A simples publicação do Decreto-Lei n.º 38:704, ainda antes de entrar em execução, já está dando os resultados seguintes:

a) Queda acentuada e continuada de valores na Bolsa de Lisboa, sem exclusão dos próprios fundos do Estado-porque a economia particular se assustou;

b) Suspensão quase completa de encomendas das províncias ultramarinas na metrópole. (Estavam comprando aqui anualmente 1.700:000 contos de mercadorias. O sen poder de compra diminuiu, em prejuízo da indústria metropolitana) ;

c) Paralisação de todos os novos investimentos de capital em empresas ultramarinas, quer por não ser possível realizá-los a partir do momento em que o Estado congela forçadamente grande parte do produto das vendas, quer por se ignorar a aplicação que o Estado vai dar aos capitais que obriga a imobilizar;

d) Paralisação das transacções das mercadorias abrangidas pelo decreto-lei e retraimento da produção ou de compras nas que podem vir a sê-lo. Baixa de preços consequente no mercado interno ultramarino. Veja-se o que já aconteceu em Angola à cotação do café, segundo telegrama publicado no Jornal do Comércio e das Colónias.

Não abordo aqui as perturbações de ordem política - porque já ninguém as ignora hoje. No que respeita a tempestades económicas futuras, falarei a seguir.

Quanto ao n.º 2.º (emprego para fins estáveis de uma parte dos lucros presentes), esses fins, muitos dos quais são de estabilidade duvidosa, acham-se definidos no artigo 4.º, que cria o Fundo de Fomento e Povoamento, no artigo 7.º, que fixa as condições de emprego dos capitais particulares imobilizados à ordem do Estado, e no artigo 8.º, que declara quais são as obras de fomento e povoamento.

Desde que Daudet descreveu a tentativa memorável de colonização maciça realizada por Tartarin em Port-Tarascon, e desde que verifiquei os resultados da experiência romana de Calígula - sinto-me cheio de medo quando ouço falar em grandes obras reprodutivas de fomento e povoamento.

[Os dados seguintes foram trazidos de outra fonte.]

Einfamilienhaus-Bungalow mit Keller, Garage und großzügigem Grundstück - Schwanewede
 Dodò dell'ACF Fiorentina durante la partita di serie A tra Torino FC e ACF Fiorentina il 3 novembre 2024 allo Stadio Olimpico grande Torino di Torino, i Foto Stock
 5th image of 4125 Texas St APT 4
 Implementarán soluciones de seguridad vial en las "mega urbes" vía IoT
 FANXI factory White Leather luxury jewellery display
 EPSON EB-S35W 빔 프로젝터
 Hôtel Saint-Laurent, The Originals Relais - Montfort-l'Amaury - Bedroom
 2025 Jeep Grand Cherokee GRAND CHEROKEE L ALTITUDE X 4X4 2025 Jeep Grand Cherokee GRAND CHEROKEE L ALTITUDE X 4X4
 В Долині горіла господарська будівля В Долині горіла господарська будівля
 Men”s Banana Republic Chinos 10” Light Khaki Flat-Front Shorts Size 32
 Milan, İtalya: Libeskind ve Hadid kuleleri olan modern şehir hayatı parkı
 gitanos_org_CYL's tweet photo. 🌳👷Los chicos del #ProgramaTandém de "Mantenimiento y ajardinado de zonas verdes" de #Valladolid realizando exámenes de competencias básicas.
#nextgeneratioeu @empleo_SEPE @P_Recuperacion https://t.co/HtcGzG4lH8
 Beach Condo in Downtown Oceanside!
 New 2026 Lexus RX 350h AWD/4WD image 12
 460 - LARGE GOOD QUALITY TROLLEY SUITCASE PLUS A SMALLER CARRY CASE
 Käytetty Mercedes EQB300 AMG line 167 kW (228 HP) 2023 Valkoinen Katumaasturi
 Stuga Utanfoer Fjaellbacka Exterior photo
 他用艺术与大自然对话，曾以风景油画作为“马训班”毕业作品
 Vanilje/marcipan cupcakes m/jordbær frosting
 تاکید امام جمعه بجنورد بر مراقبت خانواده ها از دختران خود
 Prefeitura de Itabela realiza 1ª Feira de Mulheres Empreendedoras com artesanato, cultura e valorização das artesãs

Ainda recentemente, segundo ouvi dizer, a tentativa efectuada pelo Caminho de Ferro de Benguela se malogrou, apesar de impulsionada com alma e seriedade.

O Sr. Carlos Mantero: - Nem todos os colonos que para lá foram estão independentes e florescentes ...

O Orador: - Fiz justiça à iniciativa do Caminho de Ferro de Benguela afirmando que se realizou com alma e seriedade. Talvez por isso, alguns dos novos colonos conseguissem ter subsistido.